▶ [Task item]: Only the lines running from the line with "Dexter Commercial Grade" to the end of the records below belong in the answer, each copied exactly.

[Opening Records supplied section]

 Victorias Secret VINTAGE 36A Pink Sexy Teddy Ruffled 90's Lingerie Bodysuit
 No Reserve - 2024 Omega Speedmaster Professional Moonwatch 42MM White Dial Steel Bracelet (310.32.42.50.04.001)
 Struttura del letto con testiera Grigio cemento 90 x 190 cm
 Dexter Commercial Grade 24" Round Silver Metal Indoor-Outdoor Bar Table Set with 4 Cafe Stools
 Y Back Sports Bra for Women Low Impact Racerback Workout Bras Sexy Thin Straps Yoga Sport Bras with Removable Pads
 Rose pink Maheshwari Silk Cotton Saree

[Closing Records supplied section]

▶ [Solution to this exercise]:
 Dexter Commercial Grade 24" Round Silver Metal Indoor-Outdoor Bar Table Set with 4 Cafe Stools
 Y Back Sports Bra for Women Low Impact Racerback Workout Bras Sexy Thin Straps Yoga Sport Bras with Removable Pads
 Rose pink Maheshwari Silk Cotton Saree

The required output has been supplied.